- [TASK GOAL]: Your task is to return exactly the lines that run from the one containing "Donuts Dream Box - 6pcs" through the end of the listing below, without any pictures.

- [RECORDED INFORMATION]:

====

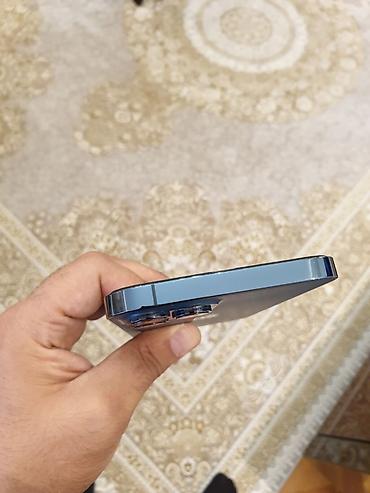 IPhone 12 Pro Max, 256 GB, Pacific Blue, Face ID — 7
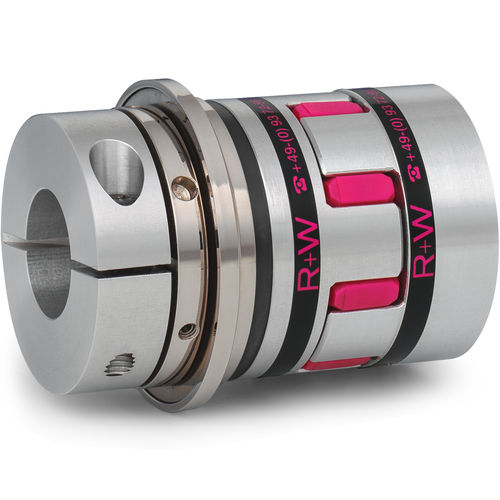 Giunto ad elastomero - ES2 series - R + W Coupling Technology - a molla / con misura di coppia / coppiglia e manicotto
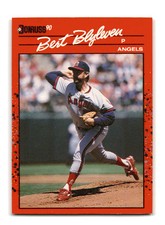 Bert Blyleven 1990 Donruss #331b California Angels NM-MINT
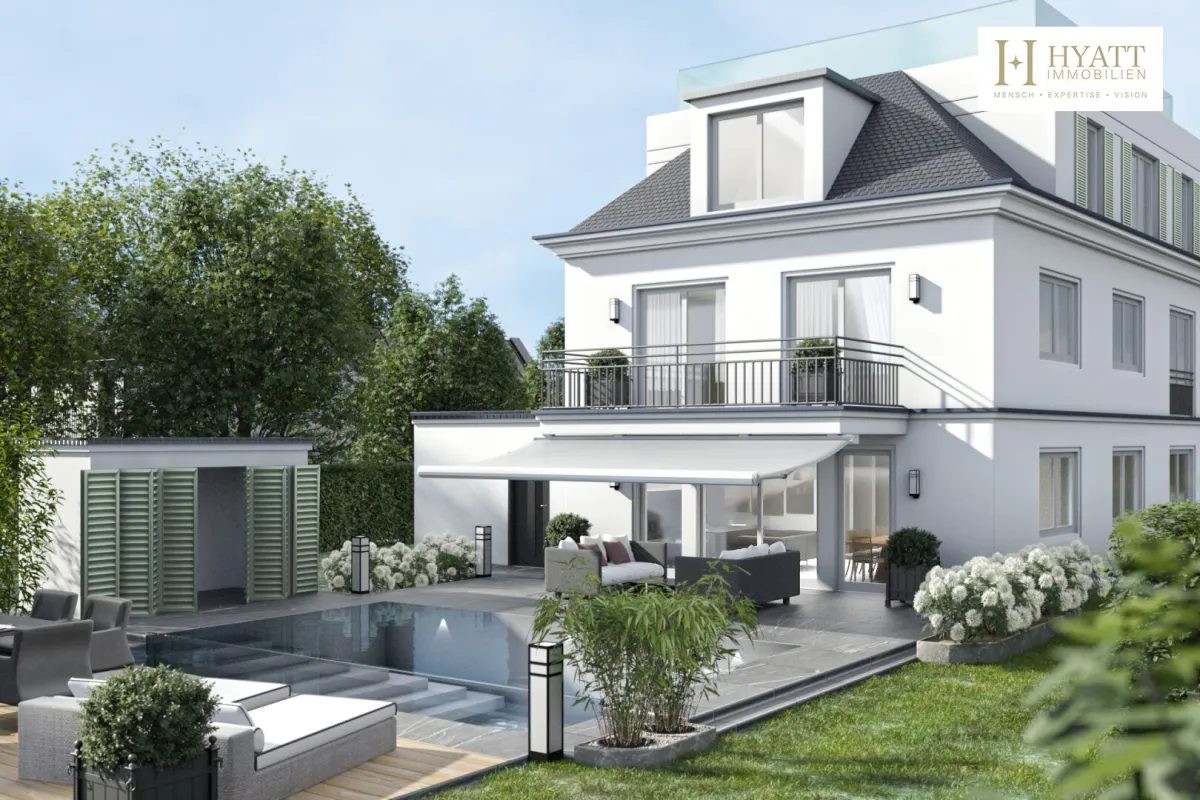 Elegante Traumvilla in Neustift am Walde – Luxus und Ruhe in traumhafter Weinbergkulisse - Bild 1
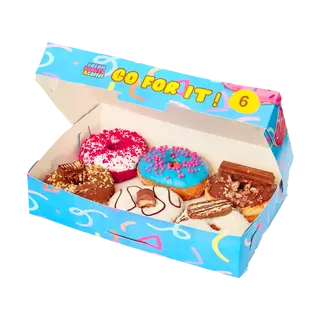 Donuts Dream Box - 6pcs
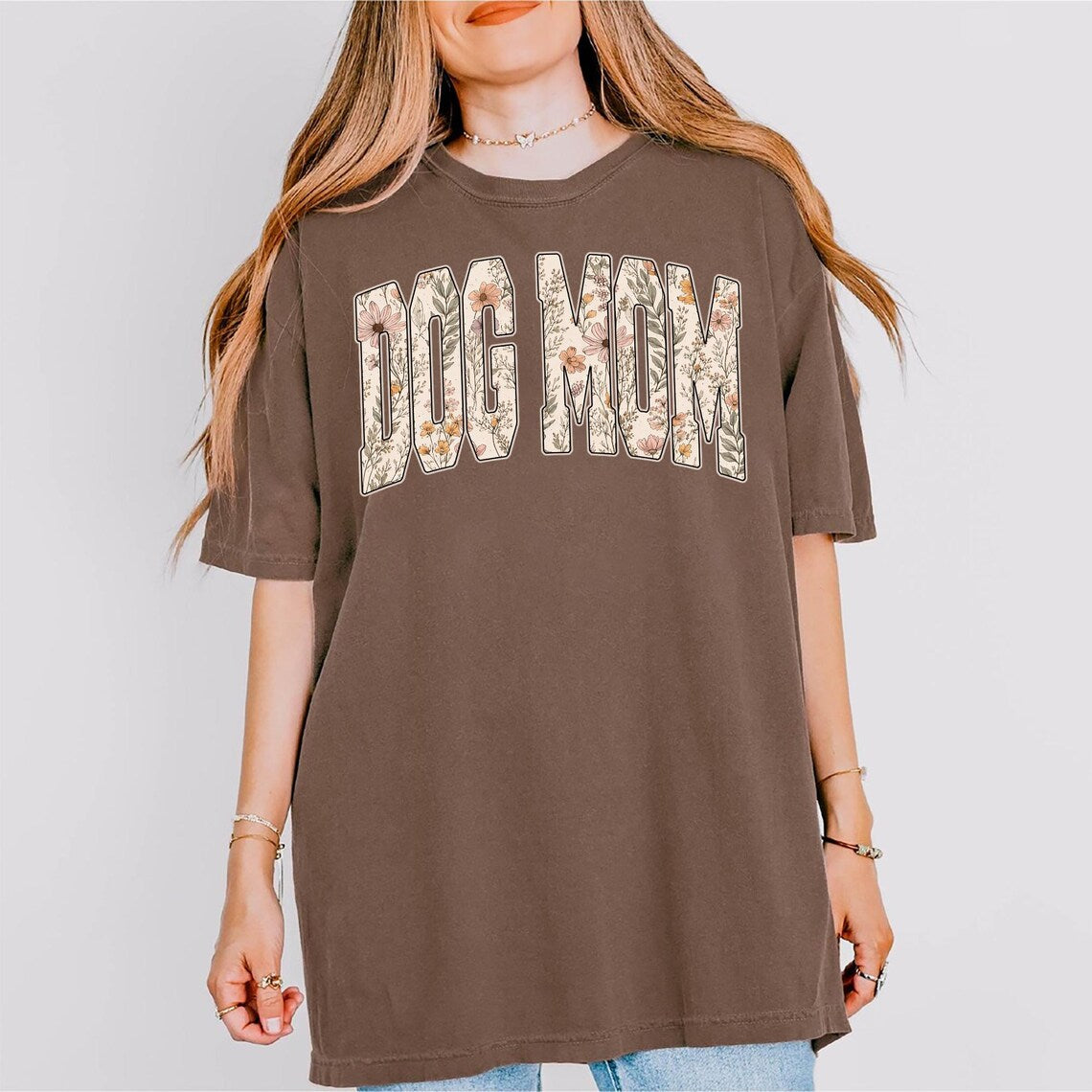 Floral Dog Mom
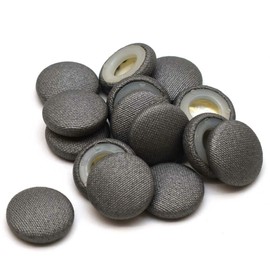 Rinker Boat Button Seat Snap Covers 7000716 | Fasnap Silver 3/4 Inch (Set of 15)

====

- [EXPECTED OUTPUT]:
 Donuts Dream Box - 6pcs
 Floral Dog Mom
 Rinker Boat Button Seat Snap Covers 7000716 | Fasnap Silver 3/4 Inch (Set of 15)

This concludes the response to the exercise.